# Battlefield 3 - "Punkbuster kicked Player (for 0 minutes) - Restriction: Corrupt Module List" - Server-Admins gefragt



## TheKhoaNguyen (9. Januar 2012)

Jetzt ist Deine Meinung zu *Battlefield 3 - "Punkbuster kicked Player (for 0 minutes) - Restriction: Corrupt Module List" - Server-Admins gefragt* gefragt. 


				Bitte beachtet: Der Kommentarbereich wird gemäß der Forenregeln moderiert.





			Dieser Inhalt steht nur eingeloggten Mitgliedern zur Verfügung.
        

 Zum Artikel: Battlefield 3 - "Punkbuster kicked Player (for 0 minutes) - Restriction: Corrupt Module List" - Server-Admins gefragt


----------



## rMb (9. Januar 2012)

es schwirrt im internet (www.evenbalance.com) die sogenannte pbsetup.exe rum, mit der kann man das update selbst anbringen. einfach bf3 auswählen und updaten lassen. Hat bei mir den fehler beseitigt.


----------



## Bazookaman (9. Januar 2012)

rMb hat vollkommen recht!.... musste man sogar schon bei BFBC2 so machen wer solche probleme hatte


----------



## pfc2k8 (9. Januar 2012)

rMb schrieb:


> es schwirrt im internet (PunkBuster Online Countermeasures) die sogenannte pbsetup.exe rum, mit der kann man das update selbst anbringen. einfach bf3 auswählen und updaten lassen. Hat bei mir den fehler beseitigt.


 
Das bringt allerdings nur was, wenn Client-seitig Punkbuster nicht mehr up-to-date ist und man deswegen von Servern fliegt.
Wenn es allerdings an einer veralteten Version vom Host (also Server) liegt, dann muss ein Serveradmin das Update für den Server einspielen.

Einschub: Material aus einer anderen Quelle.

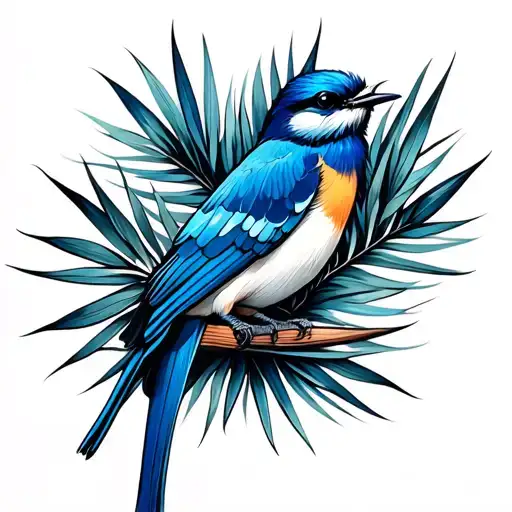 Blue Bird Of Paradise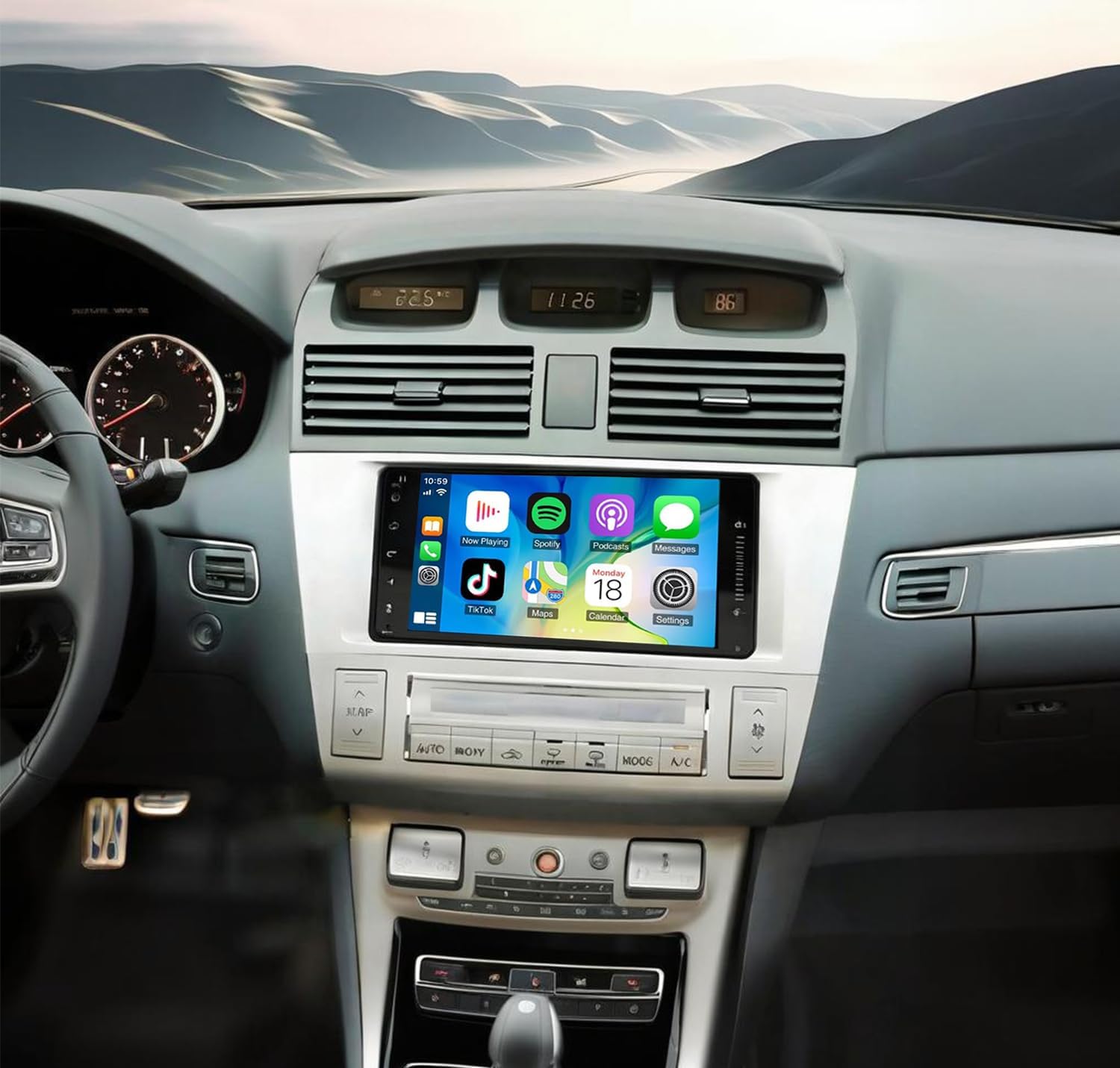 [2+32G] Android 13 Car Stereo with Wireless Carplay & Android Auto for Toyota Solara 1999 2000 2001 2002 2003 7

Grundsätzlich ist es aber auf jeden Fall empfehlenswert von Zeit zu Zeit über die pbsetup.exe seine Version aktuell zu halten.


----------



## Tribl (9. Januar 2012)

Dafür braucht man doch keinen Anbieter kontaktieren, jeder der einen Server gemietet hat kann über diverse Admintools und den Befehlen pb_sv_update und pb_sv_restart seinen Server selber updaten wenn das nicht automatisch passiert ist.

Abgesehn davon war die große Kickwelle letzte Woche auf ein fehlerhaftes Update von Evenbalance zurückzuführen was die wohl nach 1-2 Stunden gefixt hatten


----------



## MavRider (27. Januar 2012)

Das Spiel an sich wäre ja gut abgesehen von ein paar kleinigkeiten aber das drumherum und wie mit den Kunden umgegangen wird ist das andere! Was ich genau meine kann man hier nachlesen:

http://forum.ea.com/de/posts/list/886012.page

Und ich empfehle wirklich jeden Finger weg außer wenn man das Geld so über hatt das man nicht überrascht ist wenn man von heut auf morgen gebannt wird und das ohne Gründe und vom Support keine Spur bzw. keine Nachrichten!
Geht lieber für das Geld mit eurer Frau zum Essen und macht euch einen schönen Tag!

Gruß


----------